This week, the annual blue flag awarding has been announced just ahead of the summer holiday season – which officially starts when schools break up around the second or third week in June – and, with 589 of these prestigious quality kitemarks, Spain continues to rule the coastlines of Planet Earth.

Although 80 beaches, yacht marinas and cruise ports lost last year’s flags, another 23 gained new ones, leaving a net increase of 19 on last year’s 669, giving a total of 688, of which 589 were for beaches.

In whole numbers, the Comunidad Valenciana holds more blue flags than anywhere else in Spain, which holds more than anywhere else in the world, at 148, followed by Andalucía at 120 – which is logical, given that these two regions have the longest coastlines.

Andalucía, of which 100 of its flags are for beaches, is celebrating having been awarded the highest number since these were invented in 1987 and having gained a whopping 22 this year – 21 for beaches and one for a yacht marina – with the Costa del Sol, or the Málaga province coast, gaining the most.

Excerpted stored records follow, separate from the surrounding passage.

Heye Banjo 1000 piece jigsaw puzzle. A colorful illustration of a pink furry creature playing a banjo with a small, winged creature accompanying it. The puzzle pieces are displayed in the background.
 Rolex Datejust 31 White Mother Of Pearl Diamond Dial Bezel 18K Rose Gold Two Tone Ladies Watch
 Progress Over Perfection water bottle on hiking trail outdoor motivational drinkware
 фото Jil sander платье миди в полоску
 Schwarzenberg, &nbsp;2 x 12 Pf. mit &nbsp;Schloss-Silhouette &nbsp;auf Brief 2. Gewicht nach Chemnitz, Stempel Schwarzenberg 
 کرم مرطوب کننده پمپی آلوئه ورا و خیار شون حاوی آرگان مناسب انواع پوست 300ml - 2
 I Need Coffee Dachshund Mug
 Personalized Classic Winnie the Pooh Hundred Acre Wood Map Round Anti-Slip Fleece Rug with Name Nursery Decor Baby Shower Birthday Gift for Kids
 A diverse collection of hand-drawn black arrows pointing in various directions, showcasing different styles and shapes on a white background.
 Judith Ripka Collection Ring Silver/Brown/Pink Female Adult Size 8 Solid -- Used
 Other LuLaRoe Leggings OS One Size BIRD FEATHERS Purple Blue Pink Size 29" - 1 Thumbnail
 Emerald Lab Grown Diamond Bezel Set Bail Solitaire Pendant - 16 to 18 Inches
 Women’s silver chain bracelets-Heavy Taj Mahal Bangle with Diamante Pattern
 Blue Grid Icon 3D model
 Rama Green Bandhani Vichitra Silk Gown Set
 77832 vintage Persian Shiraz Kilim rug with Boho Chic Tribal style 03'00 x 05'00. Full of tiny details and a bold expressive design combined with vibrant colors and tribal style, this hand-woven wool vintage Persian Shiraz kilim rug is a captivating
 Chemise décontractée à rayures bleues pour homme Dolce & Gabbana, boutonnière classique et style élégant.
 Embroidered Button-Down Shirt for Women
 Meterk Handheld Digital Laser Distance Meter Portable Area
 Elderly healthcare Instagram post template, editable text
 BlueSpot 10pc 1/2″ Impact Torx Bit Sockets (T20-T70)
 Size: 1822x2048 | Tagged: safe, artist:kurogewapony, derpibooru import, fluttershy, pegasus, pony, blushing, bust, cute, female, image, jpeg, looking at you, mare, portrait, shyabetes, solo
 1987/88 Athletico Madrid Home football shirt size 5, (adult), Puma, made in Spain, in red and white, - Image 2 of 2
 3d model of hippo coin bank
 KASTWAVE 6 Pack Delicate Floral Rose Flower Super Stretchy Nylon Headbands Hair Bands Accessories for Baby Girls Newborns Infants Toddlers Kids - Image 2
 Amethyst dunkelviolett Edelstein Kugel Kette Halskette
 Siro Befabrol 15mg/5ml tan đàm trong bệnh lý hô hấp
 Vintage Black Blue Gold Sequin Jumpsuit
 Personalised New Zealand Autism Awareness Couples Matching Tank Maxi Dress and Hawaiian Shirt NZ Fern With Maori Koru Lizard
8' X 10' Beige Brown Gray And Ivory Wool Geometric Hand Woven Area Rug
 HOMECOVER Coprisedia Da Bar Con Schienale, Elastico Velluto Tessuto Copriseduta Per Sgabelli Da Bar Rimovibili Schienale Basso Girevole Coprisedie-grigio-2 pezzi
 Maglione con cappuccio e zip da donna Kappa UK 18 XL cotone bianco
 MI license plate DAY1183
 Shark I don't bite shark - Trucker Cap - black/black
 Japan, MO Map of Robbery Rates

Málaga’s total increased more than anywhere else in Spain, with six more, although in whole numbers, the province with the most blue flags in the country is Alicante – whose coast is known as the Costa Blanca – now with 73.

Also in Andalucía, the province of Cádiz regained one it lost last year – for Zahara de los Atunes beach in Barbate.

The Balearics lost the most flags, with Menorca being stripped of four and Ibiza of two, and three marinas losing theirs, giving a net loss of nine – but it still has 54 blue-flag beaches and ports, with 39 on the largest island of Mallorca, 10 in Ibiza and five in Menorca.

Its total is similar to that of the Canaries which, with a net increase of seven, now has 56 – the most are, naturally, on the largest islands: 17 for Gran Canaria, 14 for Tenerife and nine for Lanzarote.

Fuerteventura, the third island in the Canarian province of Las Palmas – along with Lanzarote and Gran Canaria – now has seven, having retained its full total from 2019.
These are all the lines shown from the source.